岩城宏之と武満徹の「波の盆」

 先日、指揮者の岩城宏之さんが亡くなられました。 1週間ほど前に、オーケストラ・アンサンブル金沢の公演広告を見たばかりだったので、突然の訃報にちょっと驚きました。何度か聴く機会があったのですが、結局、一度も実演を聴かないままとなり、残念です。心よりご冥福をお祈り申し上げます。
 私は特別な岩城ファンではありませんが、1枚彼の指揮したCDを持っています。それは「波の盆」(ジャケット・イメージがないようです)という日本テレビ系で放映されたドラマにつけた音楽です。数年間、折々取り出しては聴き続けています。これは、本当にすばらしい音楽です。正直に言うと、彼が指揮したものだから購入したわけではないのですが、指揮者に「岩城宏之」の名前を見て、納得した記憶があります。

 武満は映画にも造詣が深く、映画・テレビドラマの音楽も数多く手がけていますね。以下あくまで推察ですが、「食うため」ということもあったのではないでしょうか。「芸術家の息抜き」という側面もあったでしょう。現代音楽だけでは、武満ほどの名声があっても食べていくのは容易ではなかったと推察されますし、研ぎ澄まされたものばかりやっていては、生身の人間はどこかで破綻してしまいますから。そういう意味では、少なくとも嫌ではない(好きな映画やドラマの音楽です)仕事で糊口をしのげたことは武満にとっても幸運だったと思います。大衆は残された実績にしか目を向けませんが、音楽家も画家も小説家も詩人も、最初から本業で食えてた人はむしろ少ないでしょう。そうしたサブ・ビジネスを拒否して、一生食えずに早死にした人も多いのは周知の事実です。当然彼らは生前には限られた人にしか知られない存在(または知られていても拒絶された存在、または無視された存在)であったわけです。
 この分野での武満の仕事が、すべて傑作かどうか知りませんが、少なくとも、こんなにすばらしい音楽も創ってくれたことに感謝したい気持ちになります。

 どんな音楽かを言葉で説明するのは、ここでも至難の業ですが、あえて書いてみます。あなたがいるのは、このCDジャケットの写真のような南の島の波打ち際、あるいは河原に生い茂った濃い緑の草むらかもしれません。私は前者を選びます。あるいはハンモックの上で、あるいは草むらに寝そべって静かに目を閉じて、通り過ぎてゆく風のなでる感触を楽しんでいます。太陽は照りつけているが、木陰、草陰が気持ちよく、身体全体がリラックスしています。空は青く、雲も浮かんでいるはずです。テーマ音楽はそんな音楽です。
 ただ、いくつかの曲には、不安や疑念を掻きたて、人間の苦悩を暗示するような音楽が含まれており、すべてがただ心地よいだけではないことを付記しておきます。
 岩城と東京コンソーツ(どんなオーケストラか知りませんが)の演奏は、そつのないもので、音楽のすばらしさを損なっていない点で、十分な演奏だと思います。少なくとも岩城の指揮であったことに感謝したい気持ちです。
 ちなみに、新聞によれば7月18日PM2:00から東京のサントリーホールでお別れの会があるようです。
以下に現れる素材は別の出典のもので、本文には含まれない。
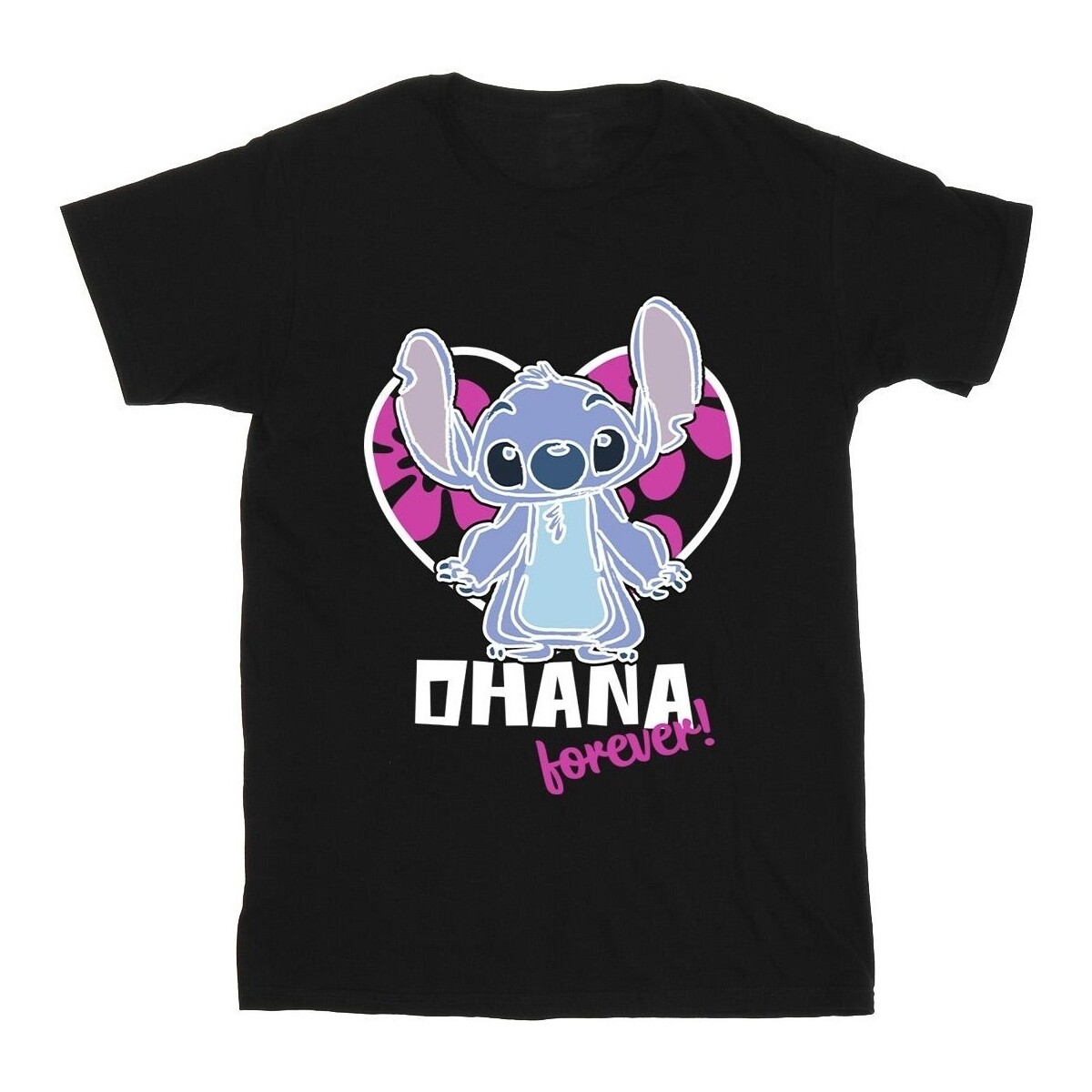 Vêtements Fille T-shirts manches longues Disney Lilo And Stitch Ohana Forever Heart Noir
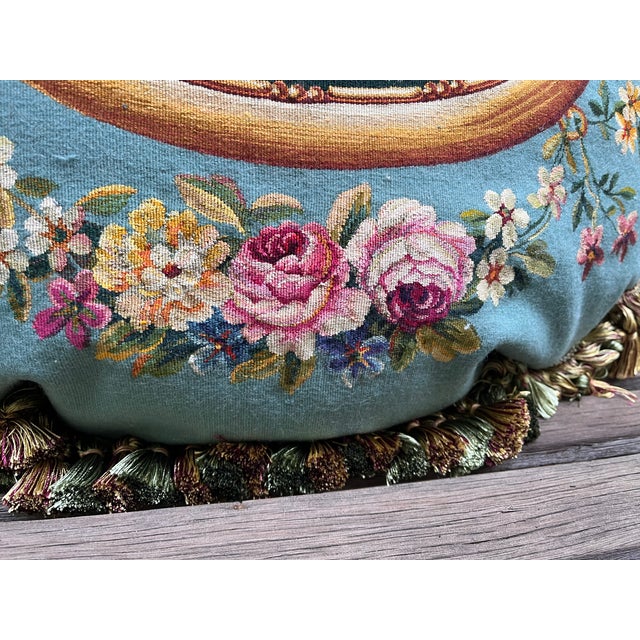 1900 - 1909 Large Wool & Silk Tapestry Pillow – Les Fables De La Fontaine For Sale - Image 5 of 9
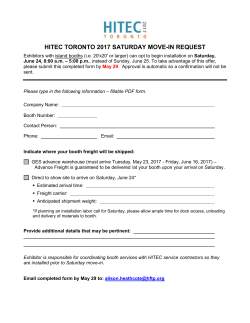 hitec toronto 2017 saturday move-in request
 今購入時以来数年ぶりに、短いながら添えられたライナーノーツを読んでみました(ジャケット写真の選択は悪くないですが、まったくおざなりの・デザインが嫌いで、その姿勢から解説などないと信じこんでいました)。独立レーベルという事情を考慮しても、商品としてはもう少し売る気を示してほしかったと思いますが、この解説を読むと、世の中から消えて無くなろうとしていたところを、安藤賢次さんという音楽プロデューサーが「1人でも多くの方に聴いてもらいたい」という思いで復活させたということのようで、そのことにまず感謝したいと思います。私としては、人知れず楽しみたいという誘惑と、やはり多くの方に聴いてもらいたいという思いを交錯しますが、岩城さんの仕事へのオマージュの意味を込めてご紹介します。
 ところで、ドラマ自体も私は見たはずで、「いいドラマだった」という記憶はあるのですが、内容はほとんど覚えていません。少し調べてみたところ、DVDが入手可能なようです。脚本が倉本聰、監督が実相寺昭雄、主演が笠智衆と強力なメンバーによって制作されたドラマだったんですね。
 武満の音楽は、さすがに音楽だけ聴いても、一度聴いたら忘れられないすばらしいものですが、ドラマ自体ももう一度見てみたい誘惑に、今、かられています。